**ASSIGNED TASK**
Although the records contain pictures, print none of them; print exactly the lines from the one with "the insomniac...(C)..2020..ELTON HOUCK....digital" through the last line.

**ENTRIES SUPPLIED**
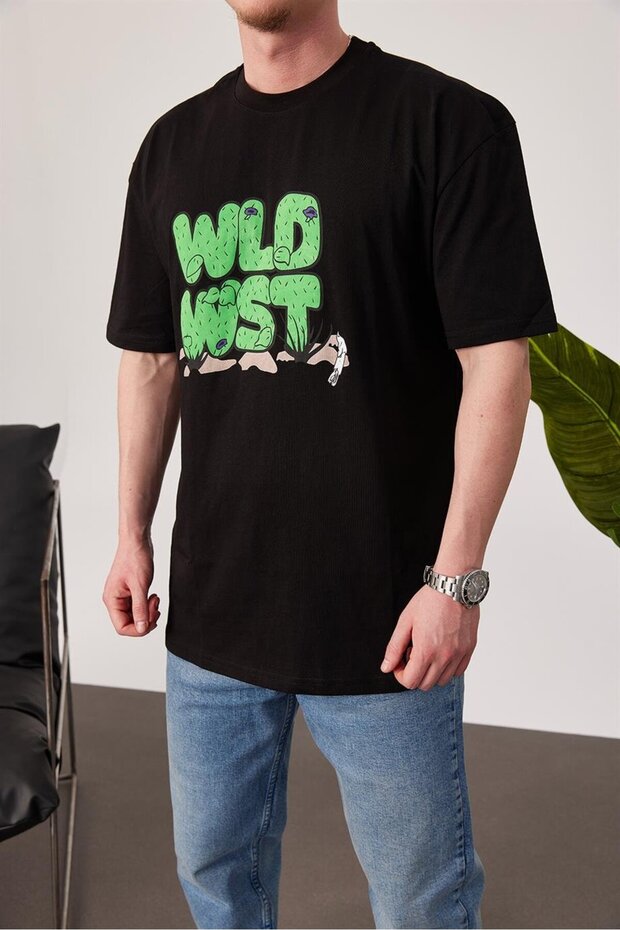 WLD WST Μαύρο Tshirt - 1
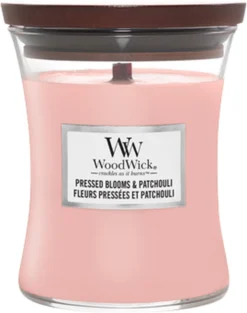 Woodwick Pressed Blooms & Patchouli Medium Candle - Geurkaars -WoodWick 946x1200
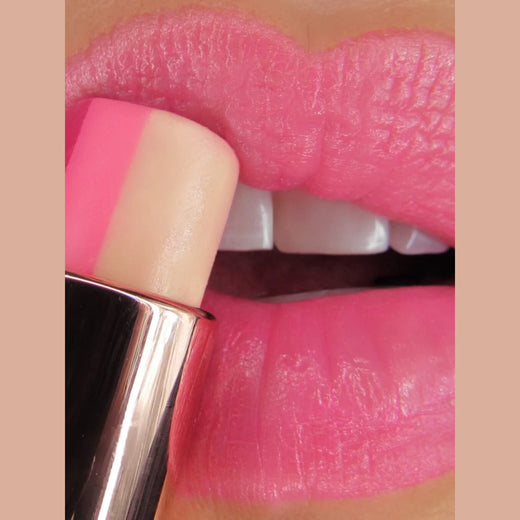 Bálsamo labial colorido morango rosa - Winky Lux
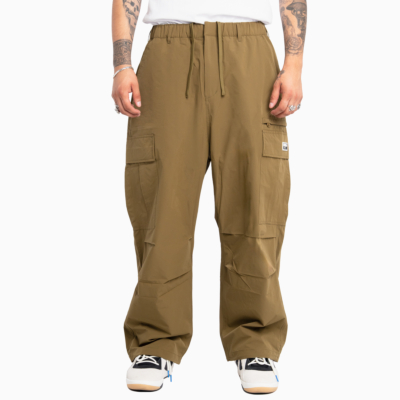 Performance Oversized Cargo Pant-Military Olive-Small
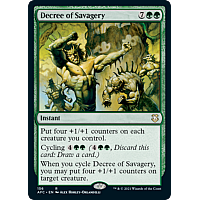 Decree of Savagery (Foil)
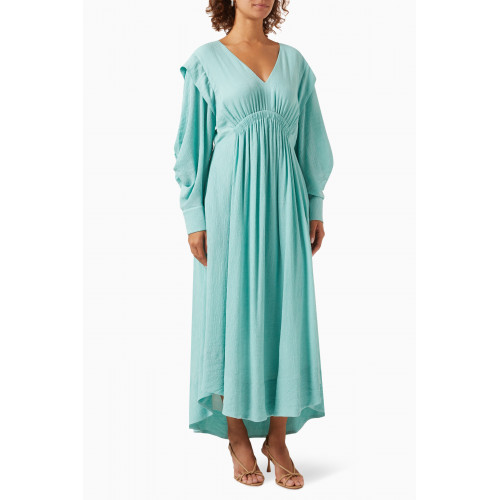 Aniic - Faith Midi Dress in Textured Fabric Blue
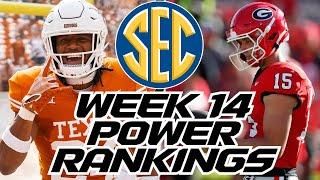 Week 14 SEC Power Rankings - Tier List Ranking | Georgia, Texas, Tennessee, and Who?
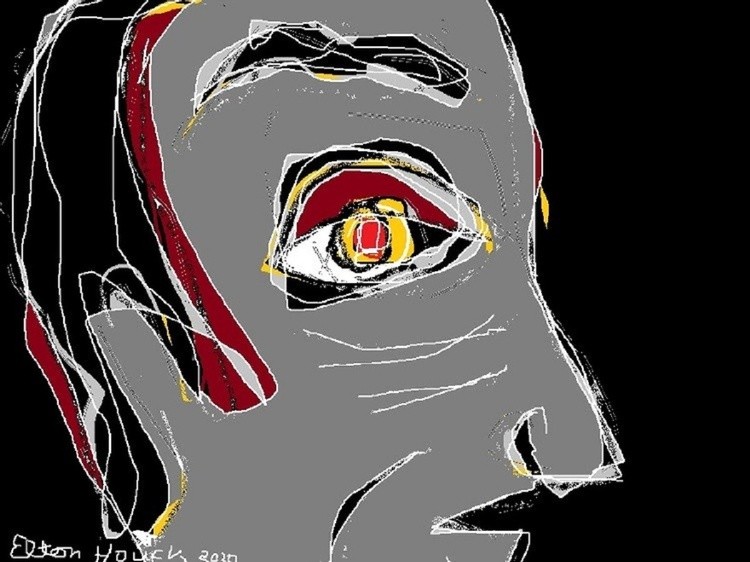 the insomniac...(C)..2020..ELTON HOUCK....digital art....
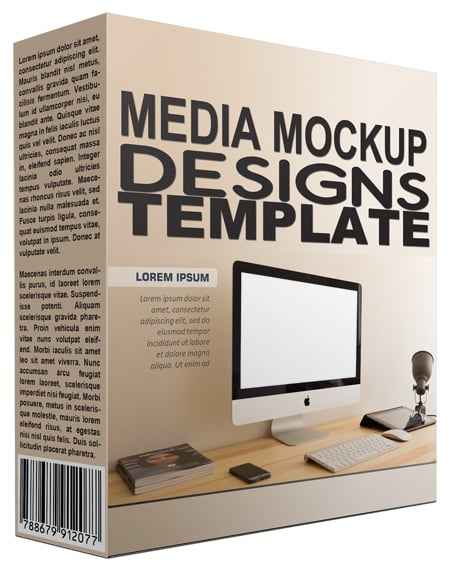 Media mockup designs for PowerPoint presentations with PLR resell rights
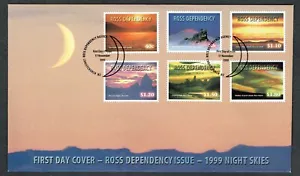 1999 ROSS DEPENDENCY FDC. "NIGHT SKIES". VERY FINE. - Picture 1 of 1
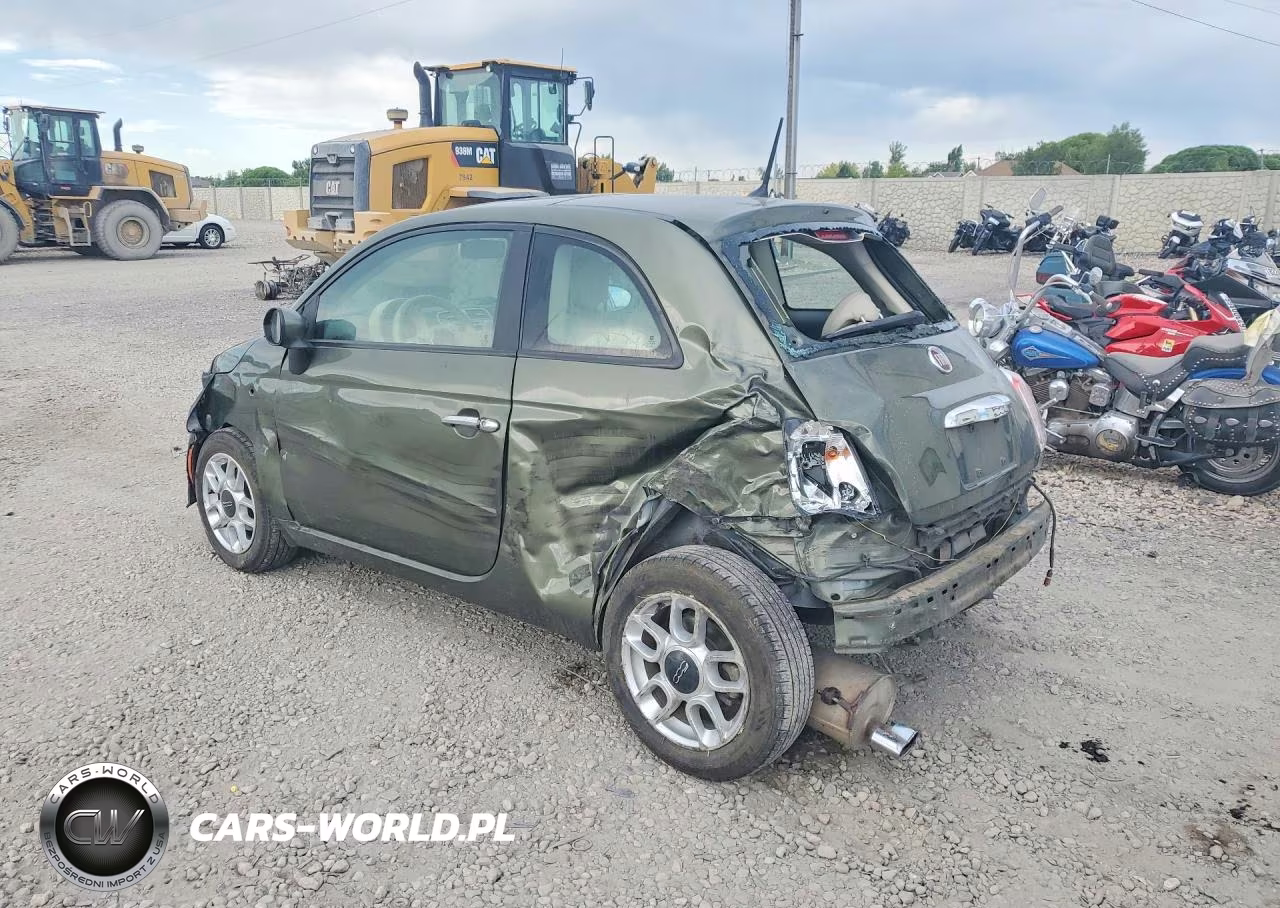 2012 Fiat 500 Pop VIN:3C3CFFAR1CT206189 - 2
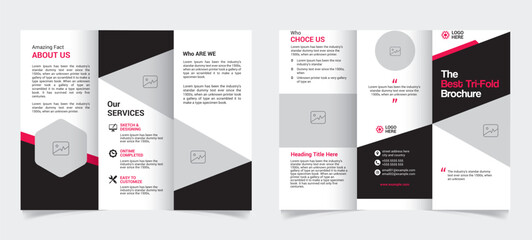 Trifold Brochure Template Vector File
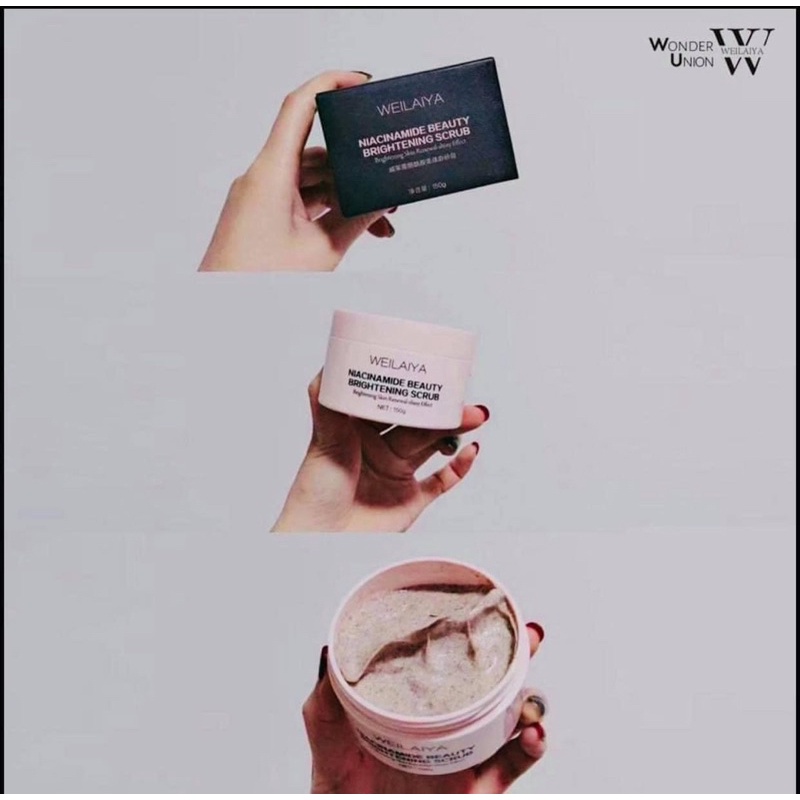 TẨY TẾ BÀO CHẾT BODY TRẮNG DA WEILAIYA - Niacinamide Brightening Scrub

**RESPONSE**
 the insomniac...(C)..2020..ELTON HOUCK....digital art....
 Media mockup designs for PowerPoint presentations with PLR resell rights
 1999 ROSS DEPENDENCY FDC. "NIGHT SKIES". VERY FINE. - Picture 1 of 1
 2012 Fiat 500 Pop VIN:3C3CFFAR1CT206189 - 2
 Trifold Brochure Template Vector File
 TẨY TẾ BÀO CHẾT BODY TRẮNG DA WEILAIYA - Niacinamide Brightening Scrub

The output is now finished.